What this task involves
Give back exactly the lines of the material below that start at the line containing "KELSO golden brown" and end at the line containing "GMC Sierra Standard in Southern Governorate", and no others.

Raw data
====

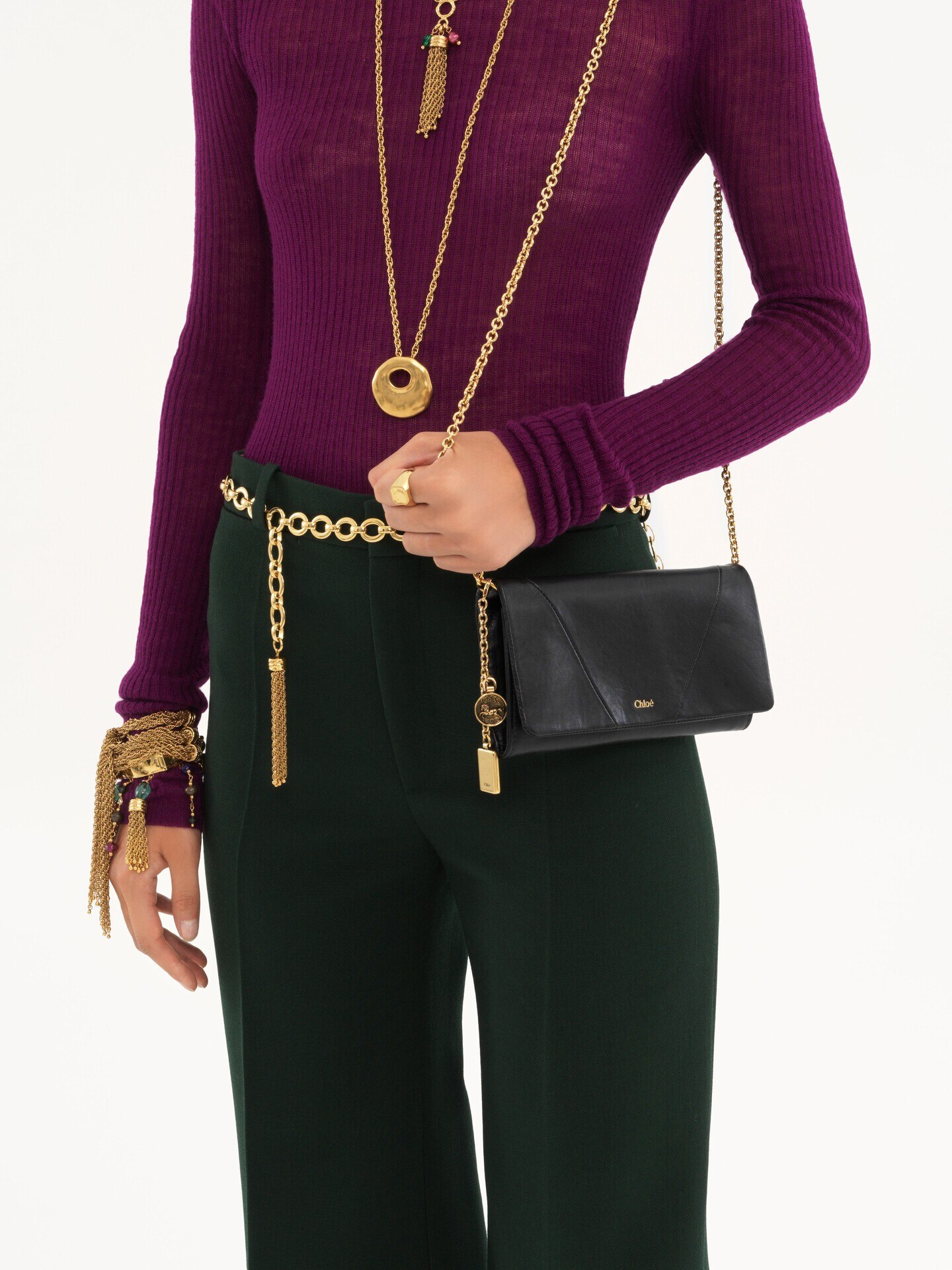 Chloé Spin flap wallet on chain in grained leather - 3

====

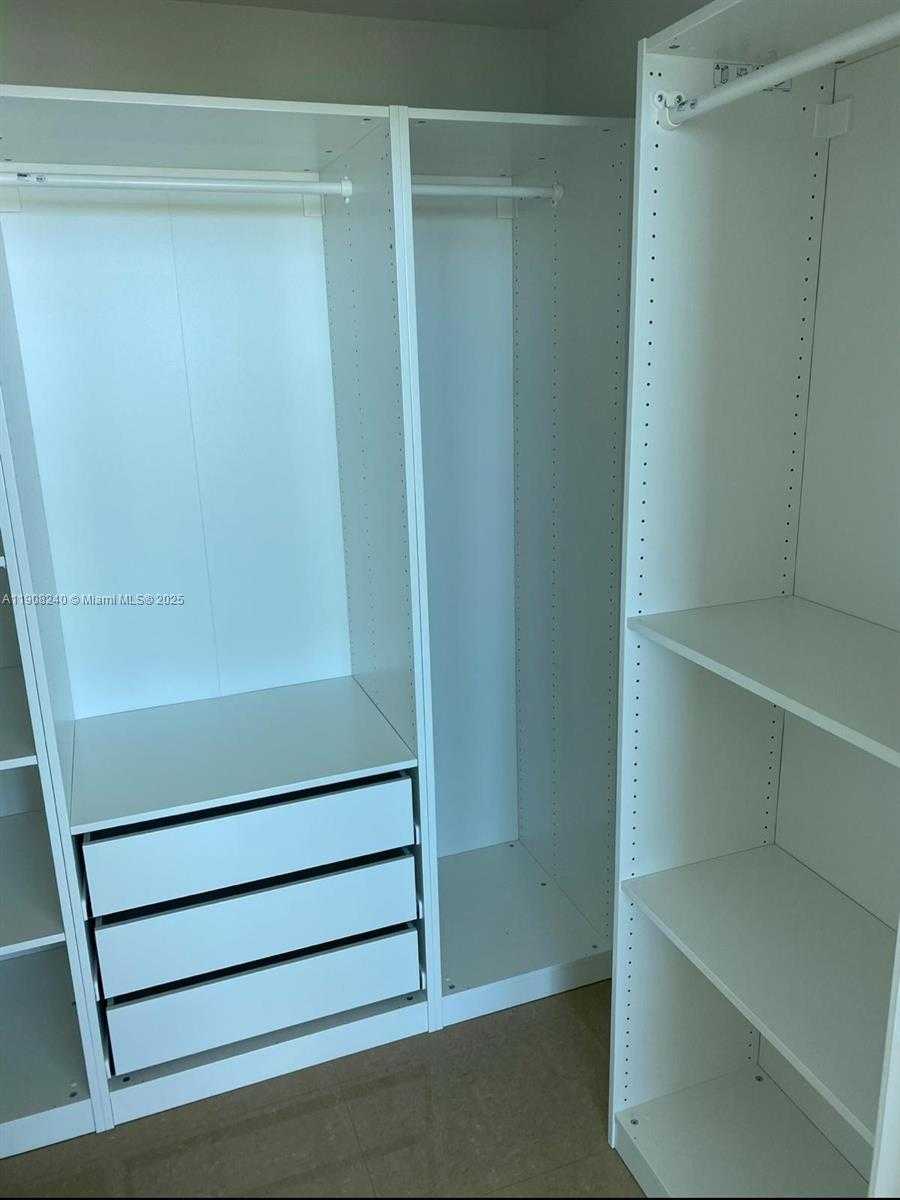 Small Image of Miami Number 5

====

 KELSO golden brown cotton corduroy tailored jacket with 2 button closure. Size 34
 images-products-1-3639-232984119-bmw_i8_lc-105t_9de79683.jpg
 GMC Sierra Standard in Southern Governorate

====

Result of this exercise
 KELSO golden brown cotton corduroy tailored jacket with 2 button closure. Size 34
 images-products-1-3639-232984119-bmw_i8_lc-105t_9de79683.jpg
 GMC Sierra Standard in Southern Governorate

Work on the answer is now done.